== Goal of the exercise ==
Send back the data below exactly. Drop every picture.

== Collected material ==
━━━

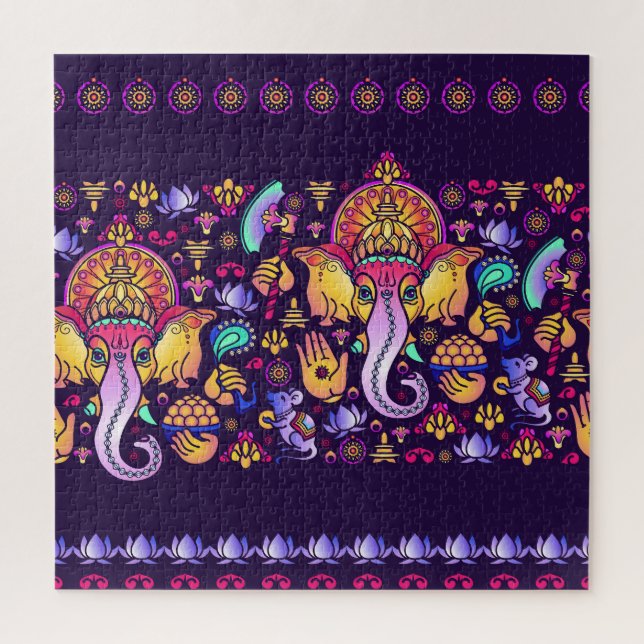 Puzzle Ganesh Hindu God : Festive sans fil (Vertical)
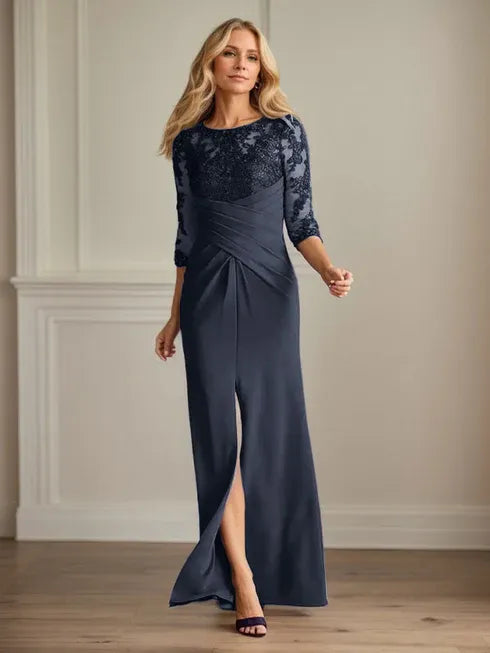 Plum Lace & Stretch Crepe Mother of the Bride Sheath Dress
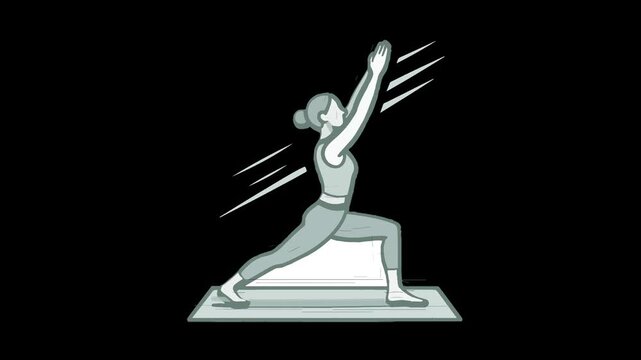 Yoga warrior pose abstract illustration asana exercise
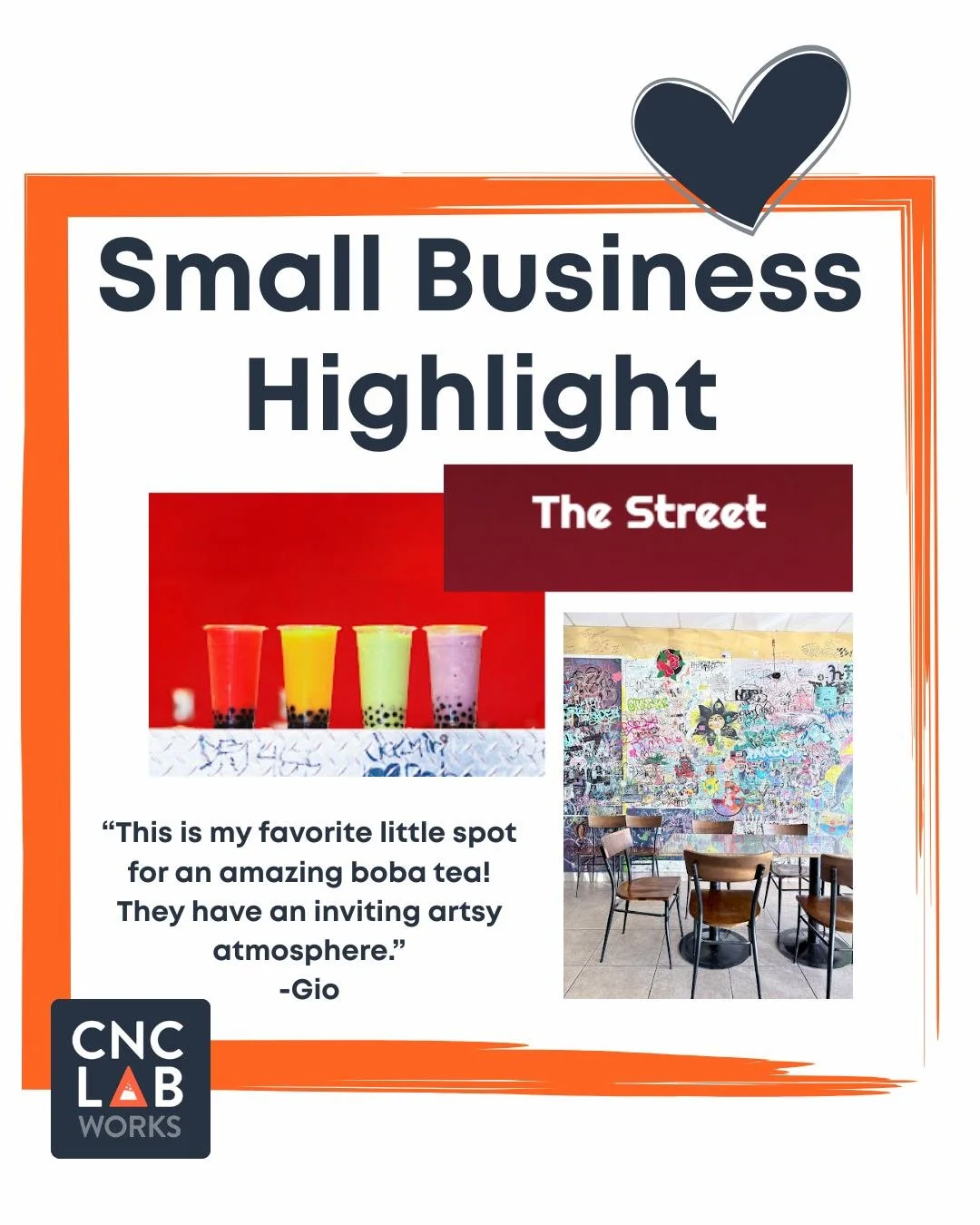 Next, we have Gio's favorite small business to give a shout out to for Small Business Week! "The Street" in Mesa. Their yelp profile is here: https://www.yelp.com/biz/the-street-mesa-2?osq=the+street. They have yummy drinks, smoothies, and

━━━

== Written solution ==
 Puzzle Ganesh Hindu God : Festive sans fil (Vertical)
 Plum Lace & Stretch Crepe Mother of the Bride Sheath Dress
 Yoga warrior pose abstract illustration asana exercise
 Next, we have Gio's favorite small business to give a shout out to for Small Business Week! "The Street" in Mesa. Their yelp profile is here: https://www.yelp.com/biz/the-street-mesa-2?osq=the+street. They have yummy drinks, smoothies, and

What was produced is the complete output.